Regular coffee aside, my Vietnamese coffee post prompted me to think about other “exotics” I’ve tried both here and abroad. Of course I’ve had Jamaican Blue Mountain and Kona coffee; indeed, when I was on the Big Island in April, I visited a coffee co-op and bought plenty of Kona for me and some to share. But, I suppose my two absolute favorites are of the Greek and Turkish varieties. Although I’d tasted Greek coffee at our local Greek food fest, the cup I had in Crete was second to none. I was able to watch the curator grind the beans in an ancient looking mill, carefully spoon out just the right amount of fine powdered coffee from the mill’s wooden drawer, simmer my single serving in a small metal pot known as a briki and slowly pour the rich, dark brew, grounds and all, into a white porcelain demitasse topped with the lighter brown foam left clinging to the sides of the pot. Delicious.

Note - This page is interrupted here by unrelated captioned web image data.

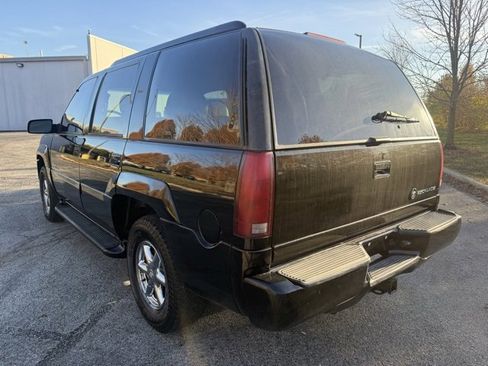 Used 2000 Cadillac Escalade 4WD image 5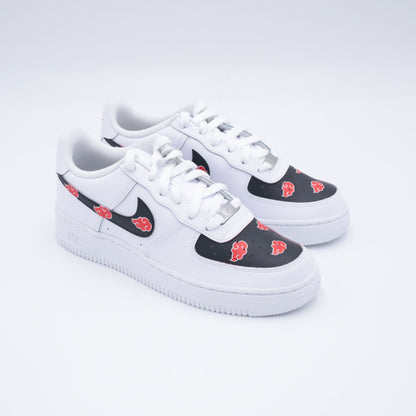 air force 1 custom naruto, nike af1 akatsuki, custom sneaker manga, chaussure nuage rouge naruto, sneakers itachi style, af1 custom anime, custom nike akatsuki cloud, air force 1 manga personnalisée, sneaker fan de naruto, af1 streetwear ninja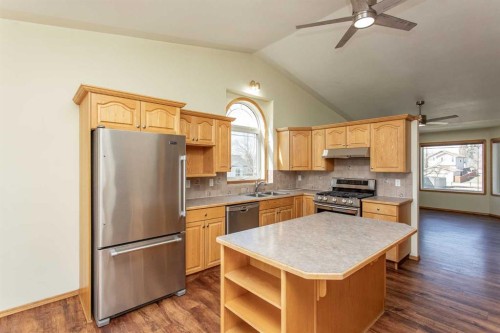 57 Spring Close, Blackfalds, AB - Indoor Photo Showing Kitchen With Stainless Steel Kitchen With Double Sink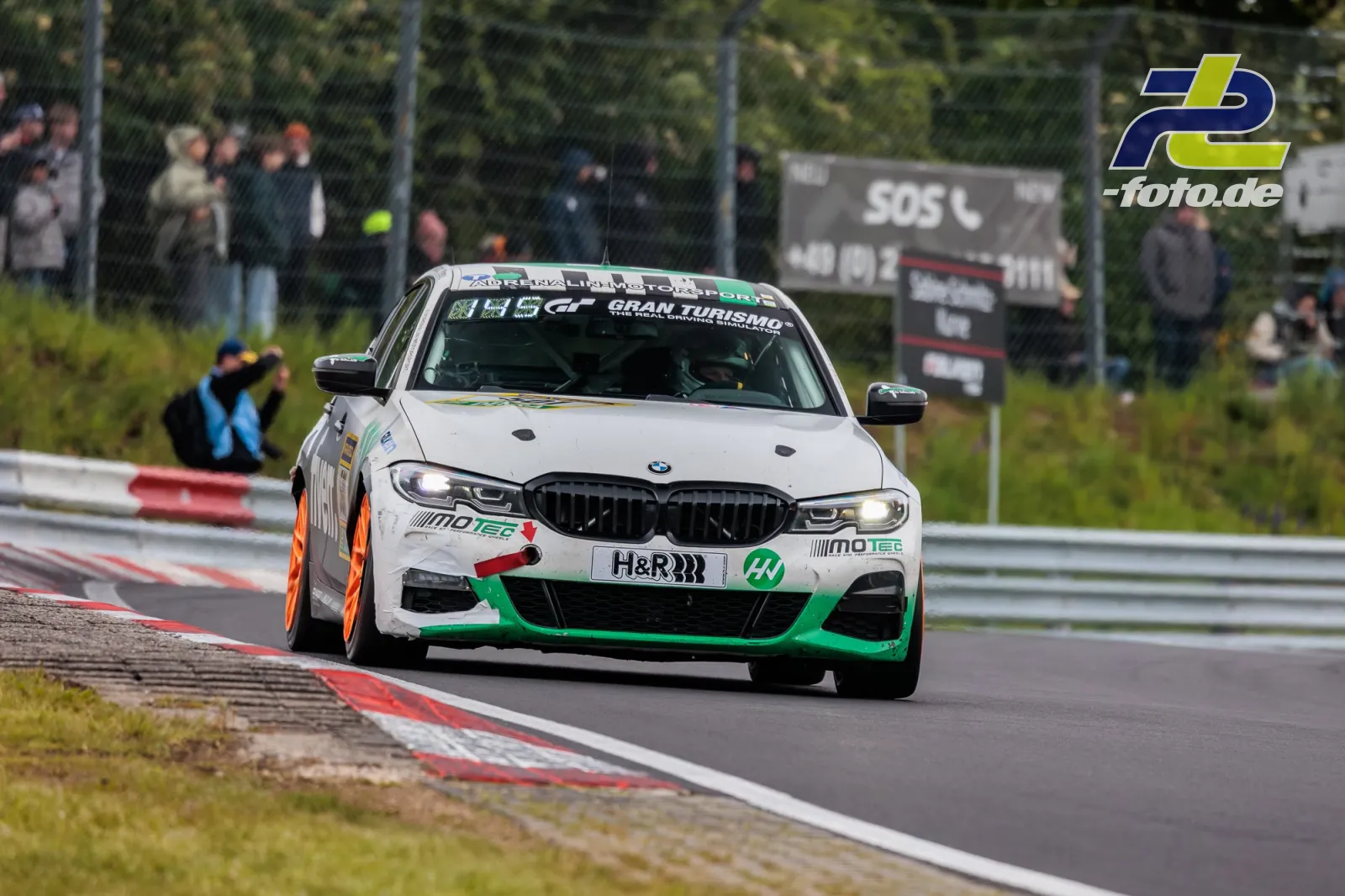 BMW 330i Nr. 501 von Adrenalin Motorsport Team Mainhattan Wheels in einer Kurve beim 24h-Rennen Nürburgring 2026.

(Greek coffee is made with or without sugar. The amount or a lack thereof sugar is identified by the name. Sketos = no sugar, metrios = a little sugar, glykos = a lot of sugar, vary glykos = extra strong coffee with extra sugar.)

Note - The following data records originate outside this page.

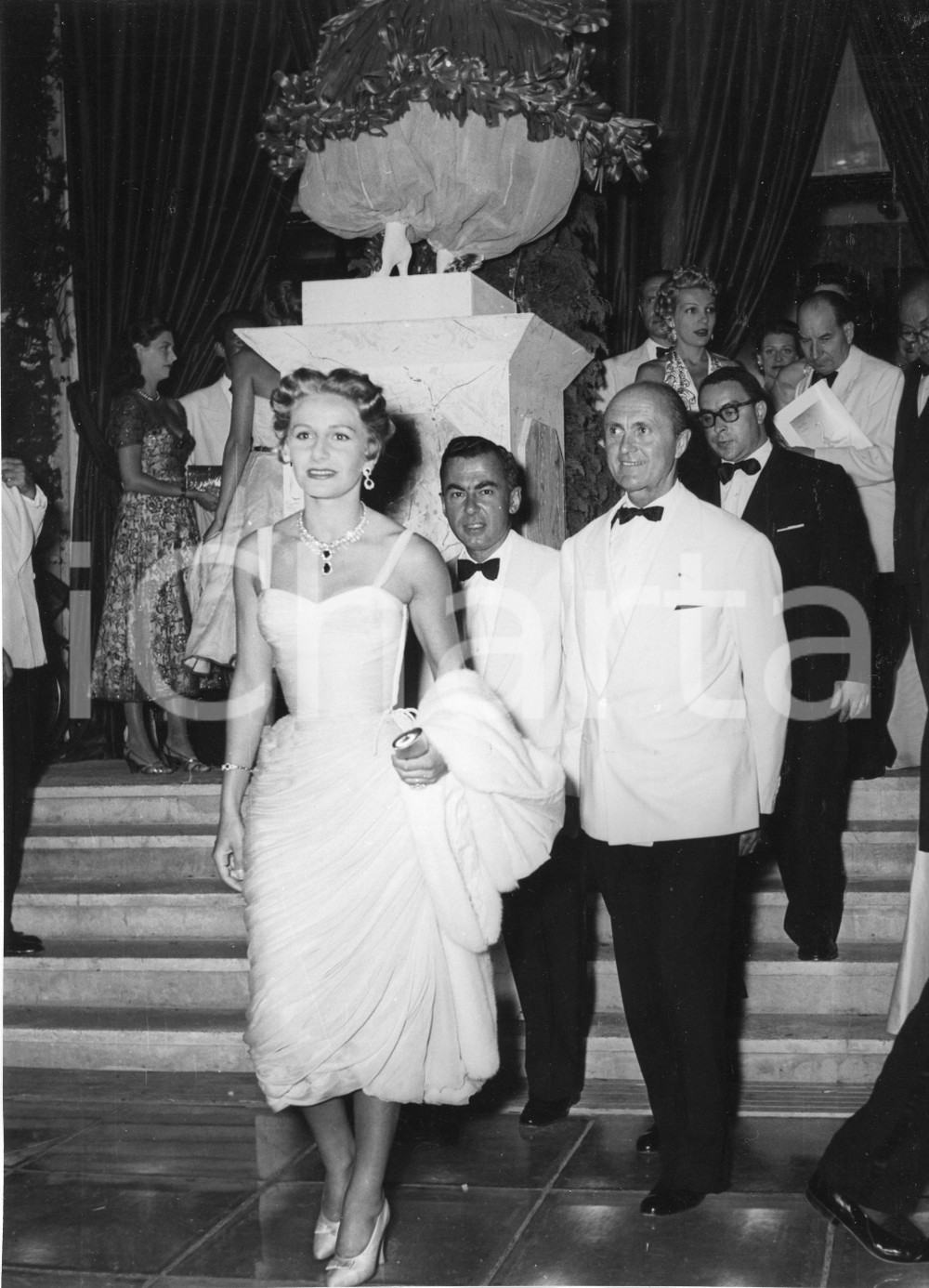 Agosto 1955 MONTECARLO Sporting d'Eté - Serata di gala - Foto vintage 18x24 cm 1955Fotografia vintage rara d'epoca.Timbro archivio Publifoto Genova al verso.FORMATO: 18x24 cm CONDIZIONI: FAIR (lievi increspature al lato inferiore; lievi difetti di stampa)ICHARTA mette in vendita le stampe vintage della collezione Publifoto Genova, per la maggior parte inedita o in tiratura di pochi esemplari. Si tratta di un'ottima opportunit&agrave; di investimento per i collezionisti di fotografie d'epoca.    originale e autentica 1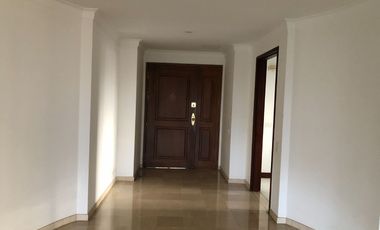 VENDO APARTAMENTO EN EL TESORO 319 MTS 3 HABITACIONES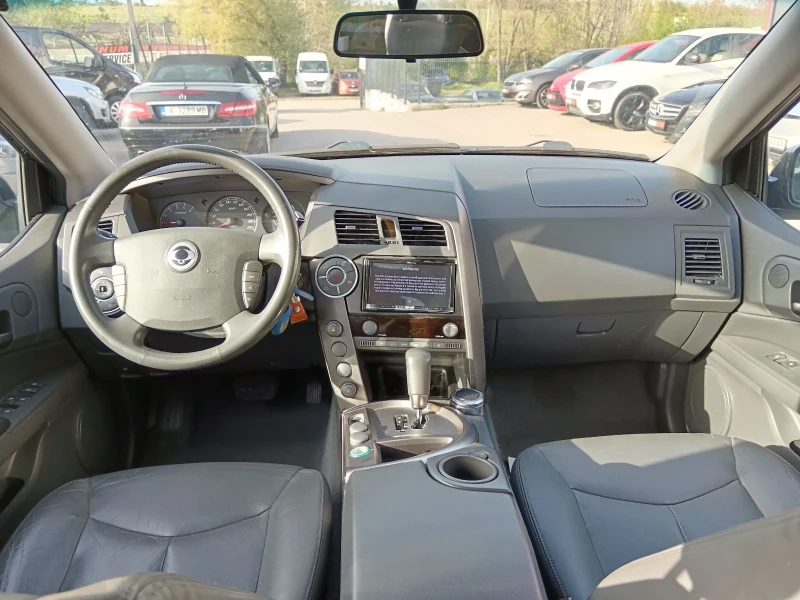 SsangYong Kyron 2.2CDI/4X4/AVTOMAT/KOJA/PERFEKTEN/, снимка 14 - Автомобили и джипове - 52199578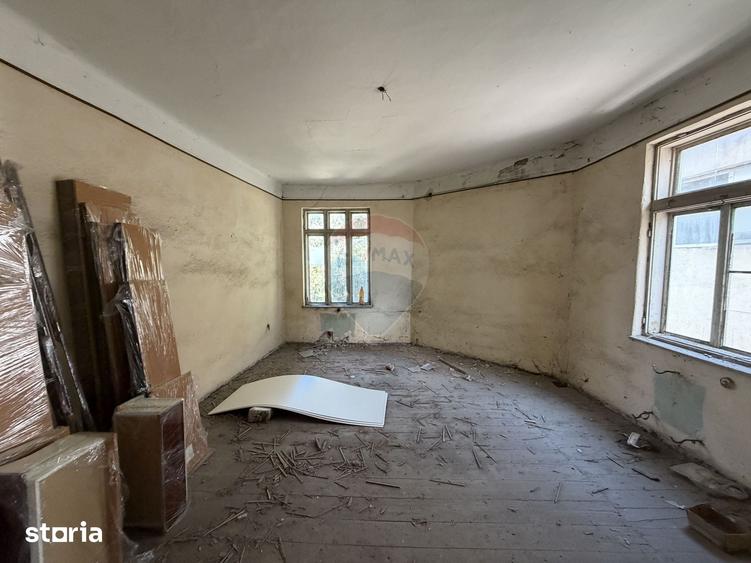 Spațiu comercial, de 350 mp, în Ultracentral
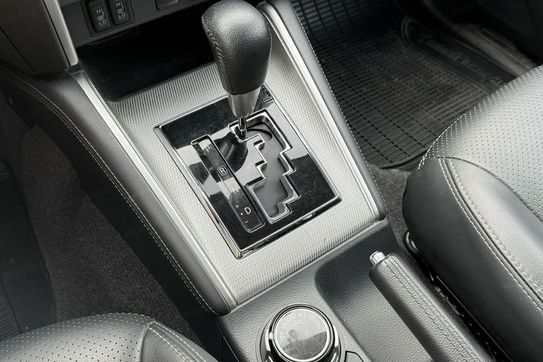 Mitsubishi L200 d Dc Instyle Plus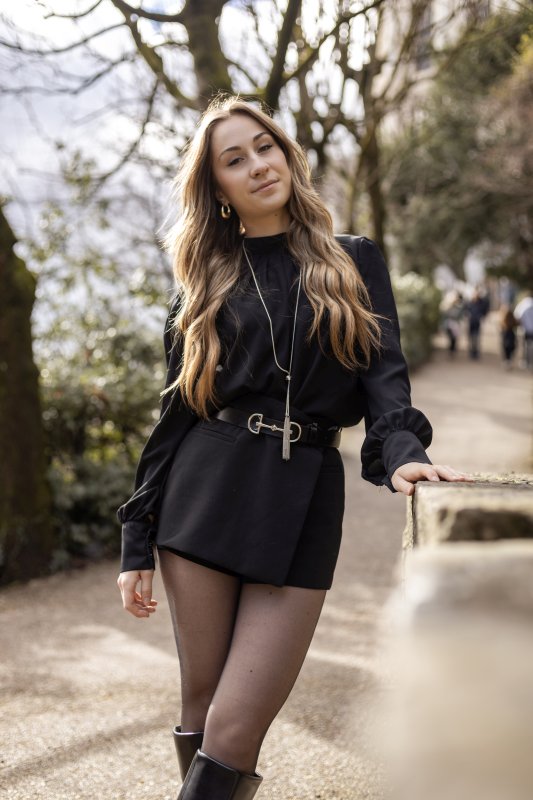 Jeune femme vers la Basilique de Fourvière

Turkish coffee is prepared in the same manner as the Greek coffee and indeed is often referred to as one in the same (although the Turkish beans traditionally have a far darker roast). Finely powdered coffee - sugar or no - is also brewed in a long handled pot called a cezve.  Not unlike a briki in form and function, this Middle-eastern version is traditionally made from copper and a bit more ornate.  Additionally, Turkish coffee is frequently spiced with cardamom. Cardamom, of the ginger family, is indigenous to India but also grown in South America. Available in whole pod, seed or powder form, it is widely used throughout Indian cooking from curries to desserts and even to season steamed basmati rice. In the Middle East, where I lounged on a red velvet couch to enjoy my first cup of Turkish coffee, cardamom is used to add flavor to both coffee and tea.

I don't have the capicity to grind my coffee beans as fine as is required for either of these, nor do I have plans (unfortunately) to travel overseas again any time soon, but I have learned to make due.  A couple brands of pre-ground Greek coffee can be found in specialty markets, and I satisfy my Turkish coffee crave by grinding a whole cardamom pod (purchased from, of course) with my regular beans before brewing. 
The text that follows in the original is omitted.